大帝国最強の精鋭、第一艦隊は、アンバンサー艦はもちろん、スティグメ帝国総旗艦から吐き出される艦艇も次々に撃破した。
これに対して、スティグメ帝国総旗艦『パラディソス』では――
「笑止。クルフ、あなたもこの『パラディソス』には傷ひとつ付けられないのはわかっているんでしょう?」
司令塔の中、魔眼鏡の映し出す映像を見やり、スティグメ皇帝は相好を崩す。
ブァイナ超装甲を前にしては、如何な攻撃も通らない。結界水晶防御を抜けてくる、アポリト文明の装甲材を用いた物体でも、『パラディソス』には効きはしないのだ。
「いいわ、クルフ、勝負してあげる!」
スティグメは手を前へ突き出した。
「『パラディソス』、針路このまま。皇帝旗艦を踏み潰す!」
結界水晶防御は、この『パラディソス』は通過できる。そのまま皇帝旗艦『イムパラハト』に正面から衝突してやれば、ブァイナ装甲で守られたこちらはほぼ無傷で、敵旗艦だけを押し潰し、破壊できる!

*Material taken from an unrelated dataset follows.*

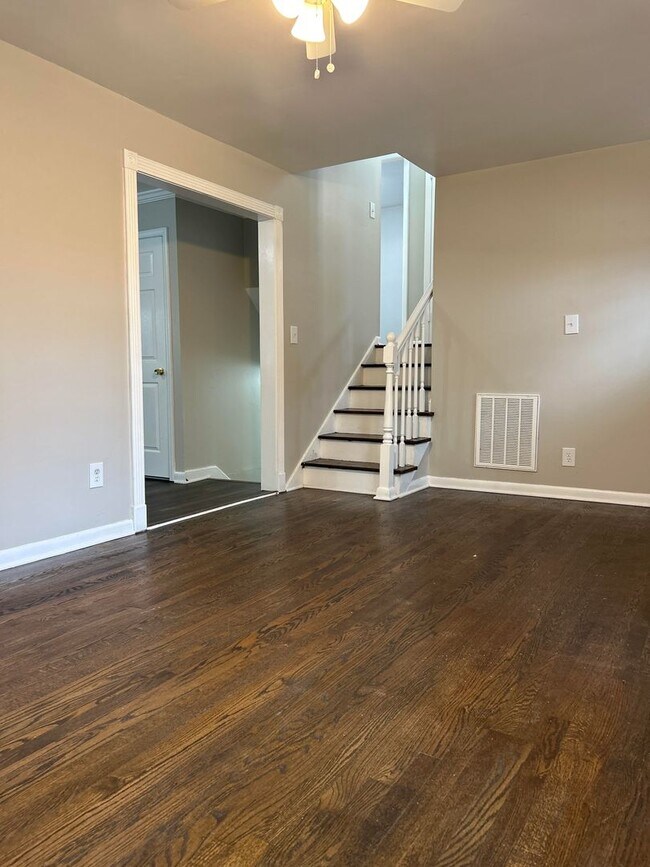 Photo - 4 Bed 2 Bath in Atlanta!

『パラディソス』は全長2300メートルもの超々大型戦艦。『イムパラハト』の3倍以上の巨体だ。堅牢さと質量差で粉砕してくれる!
皇帝旗艦と総旗艦が、速度を上げて正面から向かい合う。まるで馬に乗った騎士が決闘するが如く、双方正面から近づいていく。
「よろしいのですか、陛下」
ハルが珍しく難色を示すような表情を浮かべた。
「旗艦同士で対峙するのは――」
「見ていなさい、ハル。忌々しいクルフの鼻っ面を、ご自慢の皇帝旗艦諸共へし折ってやるわ!」
スティグメ皇帝は妖艶な笑みを浮かべる。勝利を確信したそれ。その間にも、皇帝旗艦『イムパラハト』は、グングン迫っている。

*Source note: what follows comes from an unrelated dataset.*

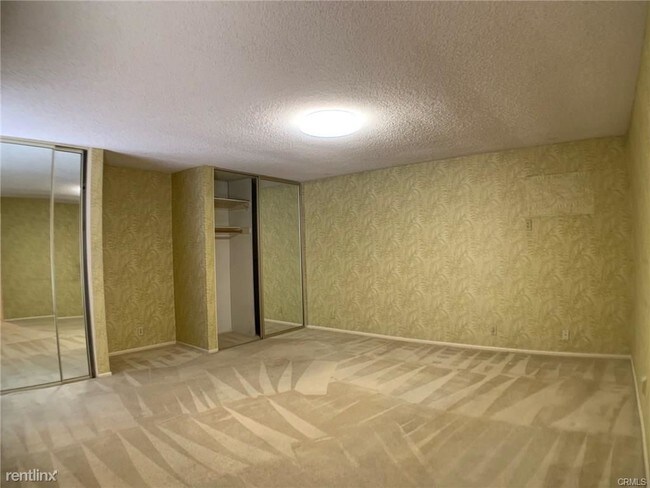 Building Photo - 3 br, 3 bath House - 2861 Copa de Oro Dr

激突必死の直進。騎士同士が己のプライドを賭けて、ギリギリまで度胸試しをするかのように。
――このままぶつかっても、私の勝ちよ、クルフ!
皇帝の目は爛々と輝いていた。そして――
『敵旗艦、上昇!』
「今さら逃げようとしても遅い!」
その船底に突っ込んで真っ二つにしてやる――そう声に出そうとした瞬間、『パラディソス』に衝撃が走った。
ギシギシと耳障りな轟音が響き、全長2300メートルの超巨艦が地震のように揺さぶられた。

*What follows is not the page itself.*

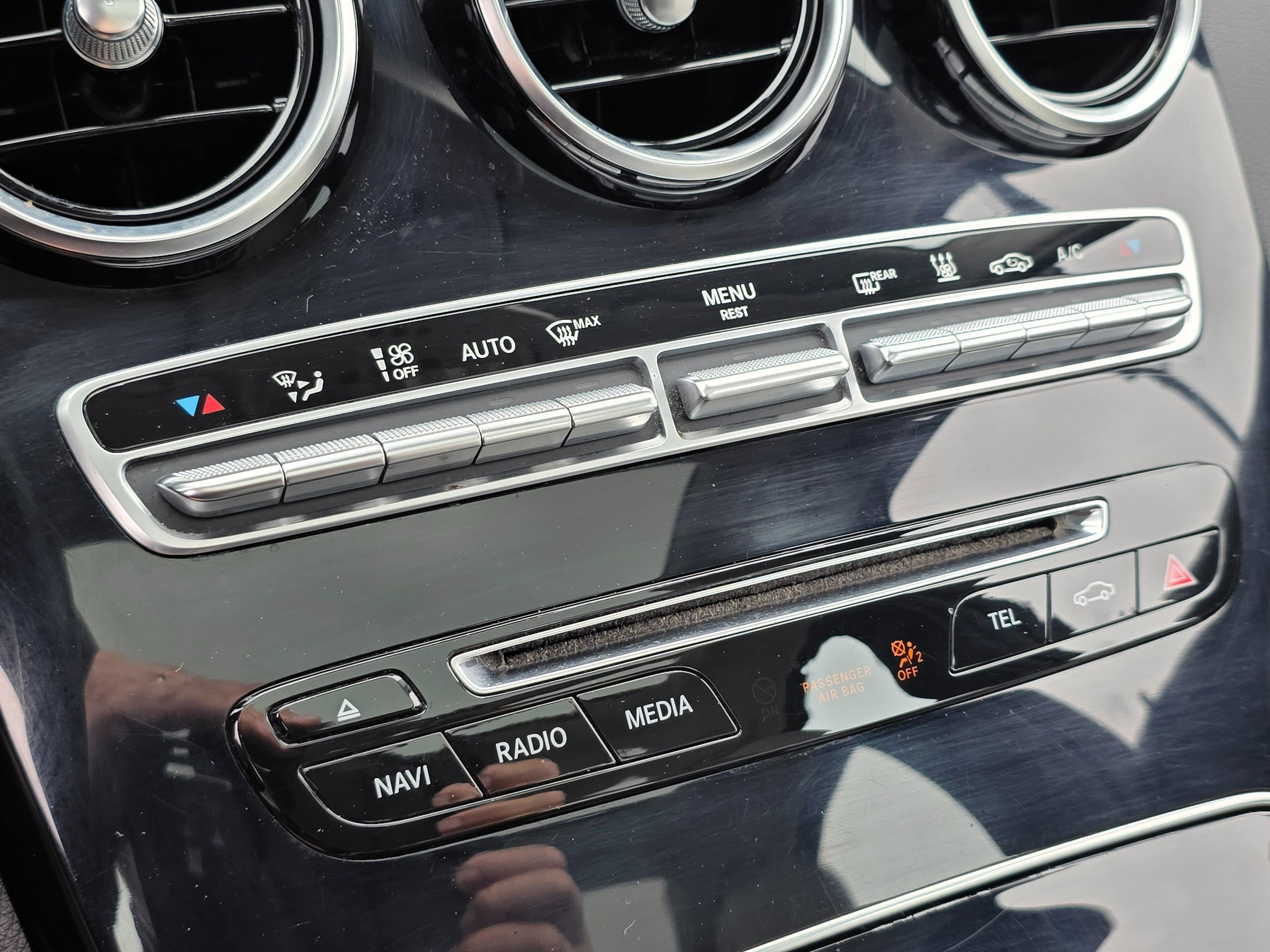 Used 2016 Mercedes-Benz C 350e Sedan w/ Multimedia Package image 35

これは相手を踏み潰したなんてものではない。こちらの艦体が裂けたか、あるいは突き刺さった。
司令塔の吸血鬼クルーが投げ出されるほどの大震動は収まった。しかし『パラディソス』艦内に衝突警報が鳴り響いている。ハル長官が叫んだ。
「報告せよ!」
『敵旗艦、「パラディソス」上部艦橋基部に衝突! アルファ、ベータ砲塔全損、使用不能!』
「何ですって!?」
スティグメ皇帝は耳を疑った。魔眼鏡が復旧する。大皇帝座乗の敵旗艦が、『パラディソス』の上甲板をめくり、槍のように突き刺さっていた。ブァイナ装甲で守られた超大型主砲を二つ踏み潰して。あり得なかった。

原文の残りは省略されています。